**About this exercise:** From the material below, retype exactly the lines that begin at the line with "Anggrek Dendrobium Spectabile" and end after the line with "крисы Козловка"; pictures stay out of the copy.

**Task inputs:**

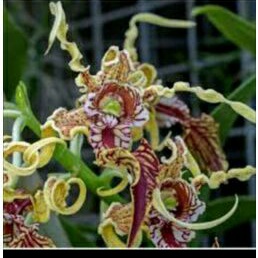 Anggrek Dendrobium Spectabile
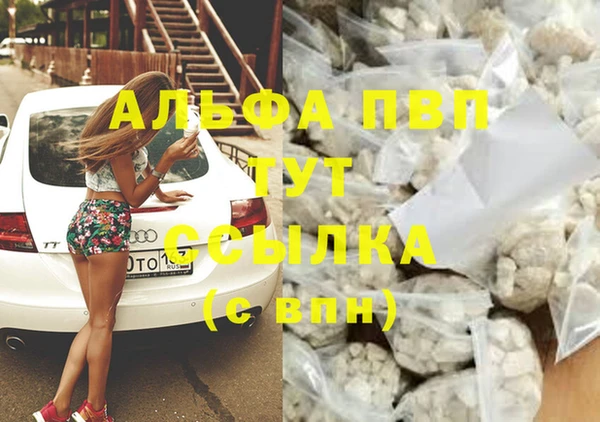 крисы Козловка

---

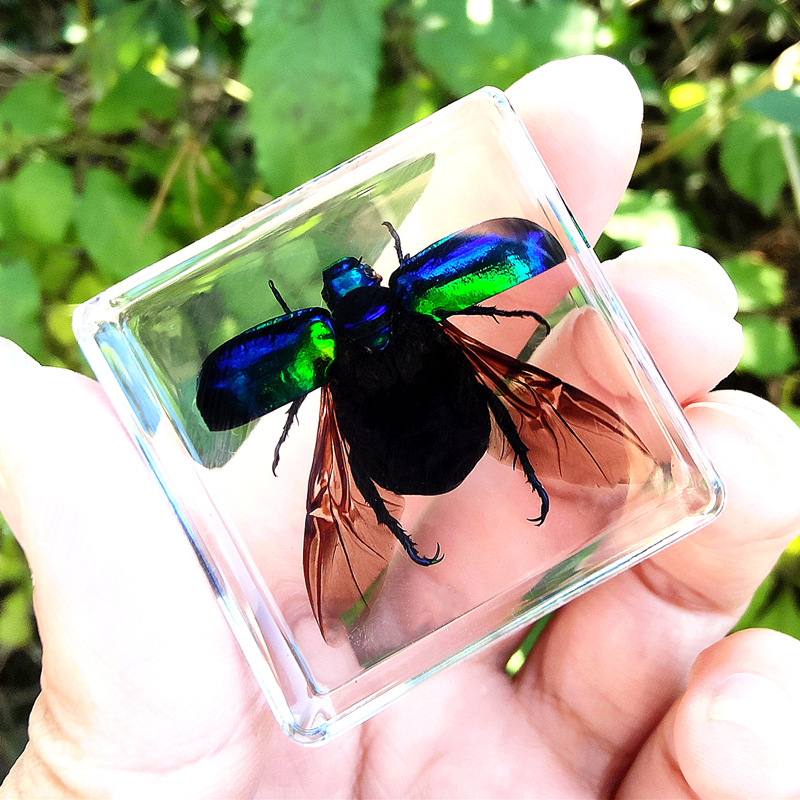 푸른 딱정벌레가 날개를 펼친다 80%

**Solution:**
 Anggrek Dendrobium Spectabile
 крисы Козловка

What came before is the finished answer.